Wenn der Aufbau einer eigenen Infrastruktur für den Netzbetrieb zu aufwendig ist, wäre zu überlegen, ob die Überlassung des gesamten NRW – Wissenschaftsverkehrs an einen kommerziellen Provider eine sinnvolle Alternative wäre. Dabei würden die folgenden Probleme auftreten:

  1. Vertragserfüllung und Performance müssen überwacht werden, Ausschreibungen sind zu planen, zu realisieren und auszuwerten. Dafür ist eine Organisation mit beträchtlicher Personal- und Sachmittelausstattung notwendig.
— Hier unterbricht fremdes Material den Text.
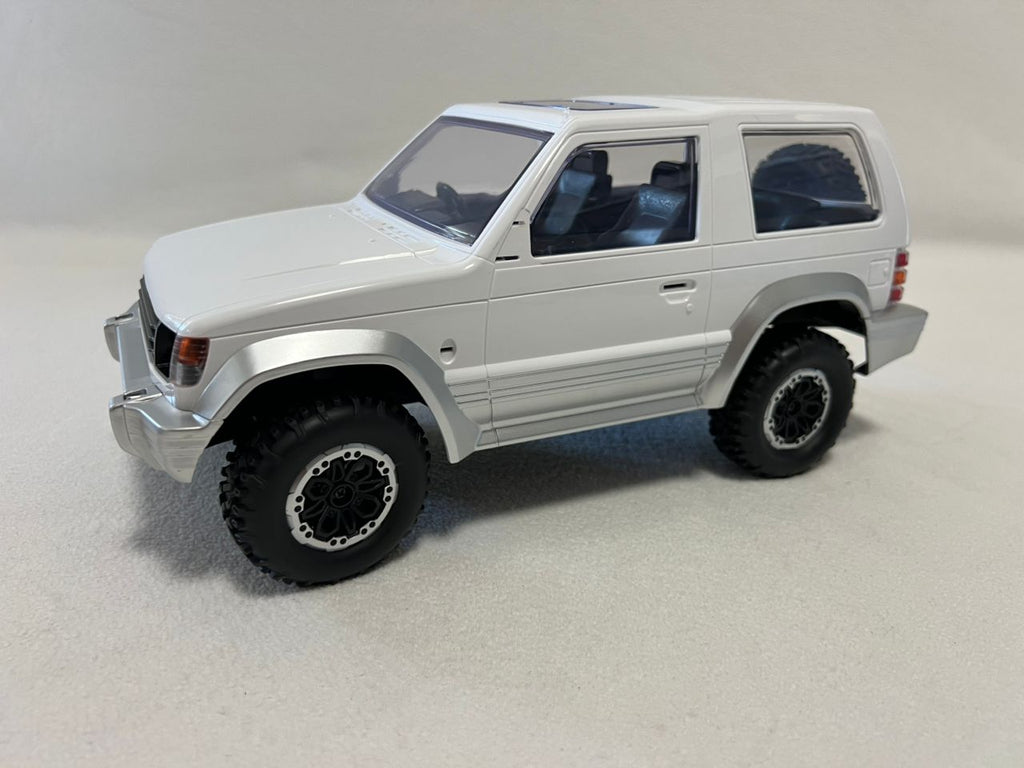 LDRC 1/14 4x4 RC Rock Crawler Car 4WD RC Climbing Car LD1297 USB Charging Cable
  2. Zumindest für NRW würde ein Deutsches Wissenschaftsnetz nicht mehr existieren und der wissenschaftliche Datenverkehr würde unterschiedslos in den kommerziellen eingefügt. Die amerikanischen Erfahrungen sprechen entschieden gegen dieses Modell, bei dem der wissenschaftliche Datenverkehr nur einen kleinen Anteil am allgemeinen Datenverkehr liefert und sich deshalb nach dessen Regeln zu richten hat. Besondere Bedürfnisse können mangels Marktmacht nicht durchgesetzt werden. Es besteht das Risiko, daß die Möglichkeiten innovativer Netznutzung durch die Hochschulen stark eingeschränkt werden.
  3. Dem Bund würde die Möglichkeit genommen, die innovative Netzentwicklung für die Wissenschaft in Deutschland zu fördern, jedenfalls aber NRW die Möglichkeit, an dieser Förderung teilzuhaben.
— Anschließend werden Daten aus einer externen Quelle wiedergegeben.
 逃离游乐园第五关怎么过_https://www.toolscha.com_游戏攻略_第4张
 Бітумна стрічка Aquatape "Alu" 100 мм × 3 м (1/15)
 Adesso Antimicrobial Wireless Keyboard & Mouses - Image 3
  4. Nach derzeitigem Kenntnisstand ist die Verbindung zu den Netzen des Internet 2 derzeit nur für Forschungsverbünde möglich, nicht für Kunden kommerzieller Provider.
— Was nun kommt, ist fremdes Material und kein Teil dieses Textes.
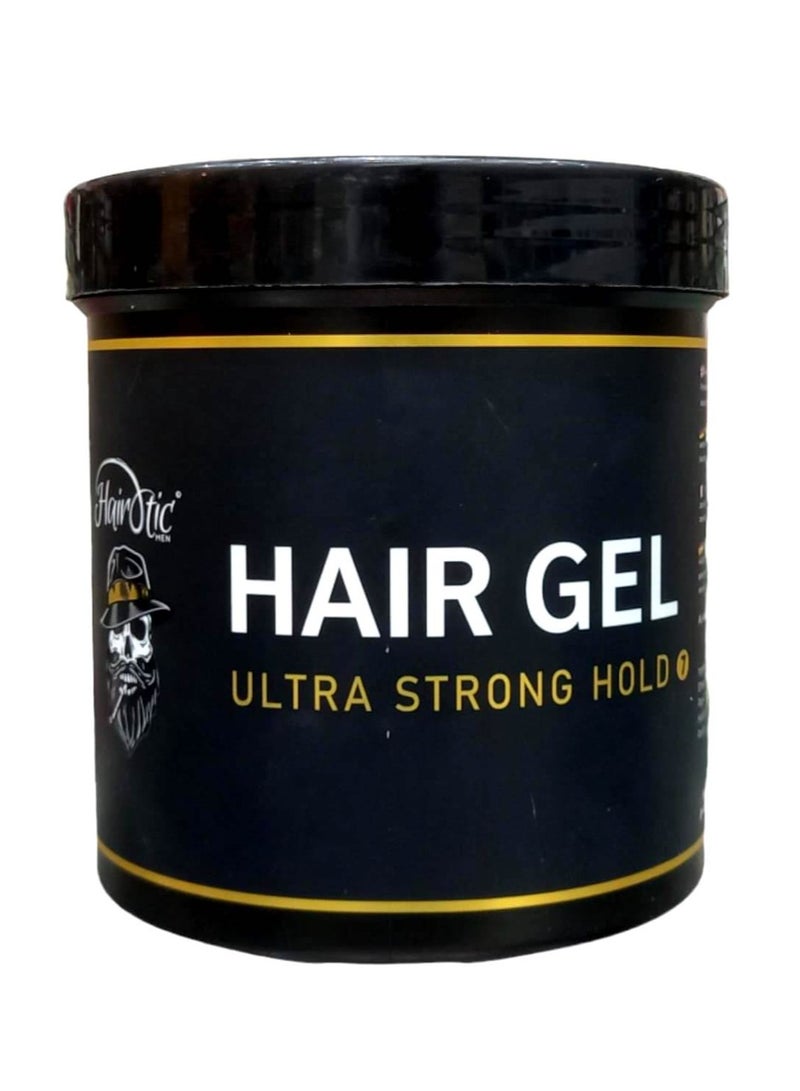 هير أوتيك جل شعر قوي للغاية 1 كيلو - Image 1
  5. Die Netzagentur kann keine Aussage darüber machen, ob (abgesehen von diesen Problemen) preisgünstigere Angebote auf dem Markt überhaupt erhältlich sind.
  1. Fazit
  2. Es ist deutlich geworden, daß eigene US – Konnektivität eine eigene Infrastruktur für den Netzbetrieb insgesamt voraussetzt. In ihrem Bericht (Düsseldorf, Dezember1995) hatte die vom WAL eingesetzte Kommission im Zusammenhang mit den damaligen Gesprächen mit der Vebacom geschrieben, daß es für den Aufbau einer eigenen Infrastruktur zum Netzbetrieb, wie er damals diskutiert wurde, ein enges Zeitfenster gibt. Die damals bestehende Chance, Infrastruktur und Kapitalkraft der Vebacom mit dem KnowHow der Hochschulen zu einem für beide Seiten vorteilhaften, innovativen Joint Venture zu bündeln, konnte nicht wahrgenommen werden und besteht indieser Form heute nicht mehr. Diese eigene Infrastruktur macht besonders wenig Sinn, wie die vorstehenden Ausführungen zeigen, wenn man sie ausgerechnet mit der Performanceverbesserung der externen Konnektivität begründen wollte. Die Netzagentur ist der Auffassung, daß eine eigene Infrastruktur zum Netzbetrieb für die Hochschulen nur in einem innovativen Zusammenhang Sinn macht. Erfahrungen mit dem Betrieb eines Hochgeschwindigkeitsnetzes für ein Land zu sammeln, wäre allenfalls 1995 ein solcher innovativer Kontext gewesen, heute gilt das nicht mehr. Es wäre eine eigene Aufgabe, für das Land einen solchen innovativen Zusammenhang unter heutigen Bedingungen zu definieren und zu einem hochrangigen Ziel der Landespolitik zu machen. Auf Bundesebene besteht dieser innovative Zusammenhang durchaus, z. B. in der Einrichtung einer Gigabit – Infrastruktur für die Wissenschaft und ist gleichzeitig ein wesentliches Argument für die Existenz des DFN – Vereins (siehe Entwicklungsprogramm des DFN) und dessen weitere Förderung. Hier ist zweifellos das Zeitfenster noch nicht aufgegangen, alle mit dem Betrieb zusammenhängenden Aufgaben an einen kommerziellen Provider auszulagern.

    Die Netzagentur kann nicht erkennen, wo die gewichtigen Vorteile bei der Kostenoptimierung liegen könnten, die den Aufwand für eine eigene Landesinfrastruktur aus diesem Grund rechtfertigten. Kostenvorteile können sich aus geschickt gewählten Zuleitungsstrukturen ergeben, die aber in der Regel nicht auf Landesebene, sondern regional ausgehandelt und realisiert werden müssen. Dazu kann eine landesweite Koordinierungsstelle (wie z.B. die Netzagentur) hilfreich sein, nicht aber eine Betriebseinheit.

  3. Dank

Die Netzagentur ist Herrn Axel Clauberg von der Firma Cisco zu großem Dank für kompetente und eingehende fachliche Beratung verpflichtet.